What makes one processor faster than another?

What are we really saying when one processor is faster than another? There are many myths and fallacies when making such a statement so lightly. However, understanding such a basic concept can be confusing, especially given the existence of the MHz myth.

The user without knowledge can find two identical processors in terms of their basic specifications. Same number of cores, same clock speed measured in MHz or GHz. It is at this point that, given the enormous number of models on the market, it is lost due to not understanding the information.

What makes one processor faster than another

When is a processor faster?

When several factors are given, but especially there are three: architecture, clock speed and number of cores . Although in general the first is usually ignored due to the fact that it is not quantifiable. Which leads to confusion about how fast a processor is.
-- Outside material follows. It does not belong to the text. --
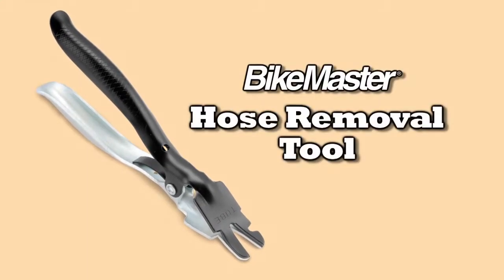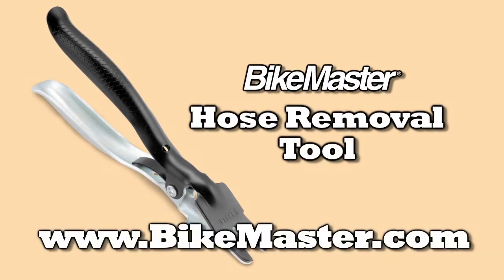To learn more about how Bike Master tools help you get the job done right, go to BikeMaster.com.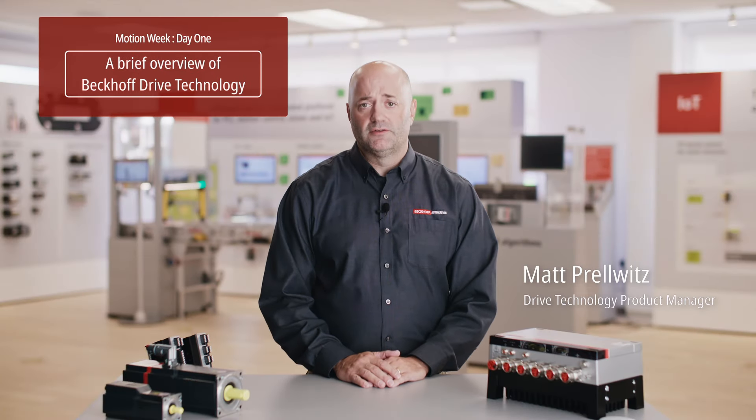Hi, I'm Matt Crowitz. I'd like to introduce you to our motion week. We want to introduce you to the Beckhoff servodrive solution and the hardware that goes around that.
We tend to think that how fast a processor is is marked by the clock speed, when what is marked is the number of pulses that are made per second. Today, both a CPU and a GPU work in stages to execute a program instruction. Also, depending on the type of instruction, the number of stages varies. Think of it in a factory where each of the elements of the assembly line moves at the speed of a clock tick.

Procesadores varios núcleos frecuencia

That is, when the first instruction is in the second stage, the second enters the first and so on until the first is resolved. What is sought is to measure the average number of instructions that are completed per clock cycle. The fastest processor will be the one with the highest figure of all. Obviously, having a better clock speed and a higher number of cores helps. Although, in the same way that not all 110 hp cars are equally fast, not all 3 GHz CPUs are equally fast.

Bottleneck

However, it must be taken into account that these measurements are not always completely accurate, since we can find the following three problems, which affect how fast the processor will go.

  • The units in charge of solving certain instructions are fully or partially occupied.
  • The data required by one or more instructions is not found in the nearest registers or caches. So there is an additional delay.
  • The program has a specific selection of instructions that harms or benefits that model of processor.

Cuello de botella The most problematic bottleneck is that of memory , given that the speed of this has not evolved in the same way, the cache memory patch has had to be pulled at different levels. Initially this was a single tier, but as the latency between CPU and RAM has increased new tiers have been added. A few years ago it was unthinkable that a processor had 3 levels of cache, today it is a general rule, even in graphics chips or GPUs. Not surprisingly, AMD‘s RDNA 2 architecture on PC already uses L3 cache.

Another problem is that of contention, this occurs when two instructions that are operating in parallel have to share the same processor resources. During the design of a processor in order to save space and transistors, it happens that some instructions share resources and combine them, at the same time assuming that they are resolved in more cycles than usual. When designing a CPU, engineers take care that this problem does not occur with the most common combinations of instructions.